WORK TO COMPLETE ▸
Would you copy exactly the lines in the data below from the one that has "Visage & corps" through the one that has "Un niño yemení desnutrido", dropping any pictures?

DATA SECTION ▸

##############################

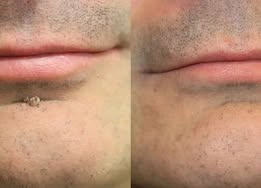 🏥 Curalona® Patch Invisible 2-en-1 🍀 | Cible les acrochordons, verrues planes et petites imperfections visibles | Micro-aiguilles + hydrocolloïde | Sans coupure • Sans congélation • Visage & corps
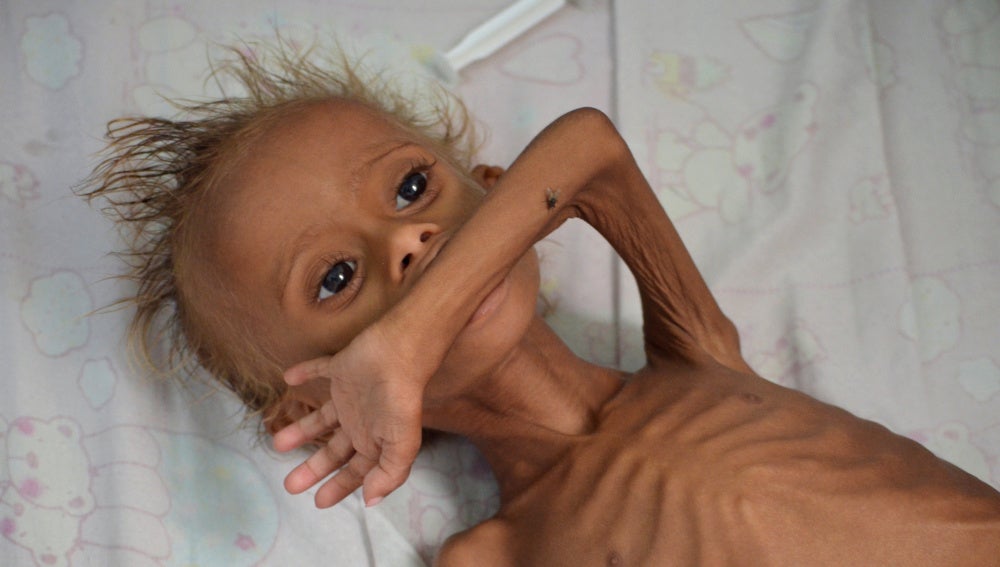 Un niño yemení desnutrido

##############################

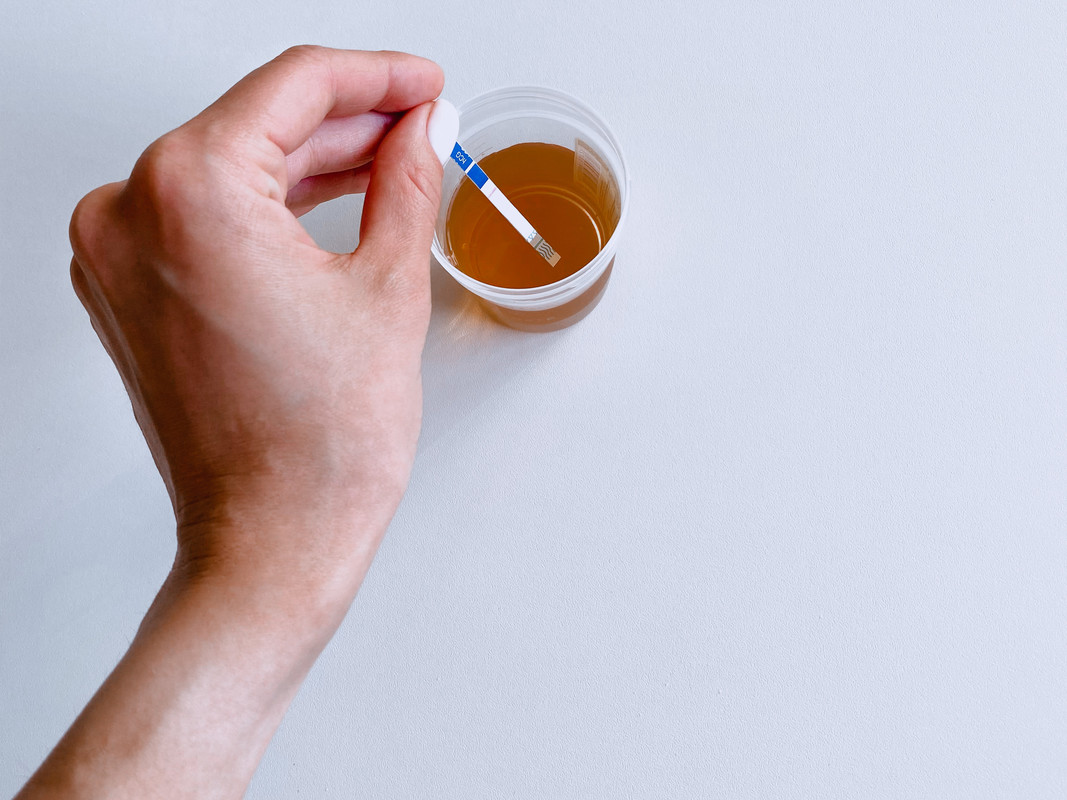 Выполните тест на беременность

##############################

COMPLETED TASK ▸
 🏥 Curalona® Patch Invisible 2-en-1 🍀 | Cible les acrochordons, verrues planes et petites imperfections visibles | Micro-aiguilles + hydrocolloïde | Sans coupure • Sans congélation • Visage & corps
 Un niño yemení desnutrido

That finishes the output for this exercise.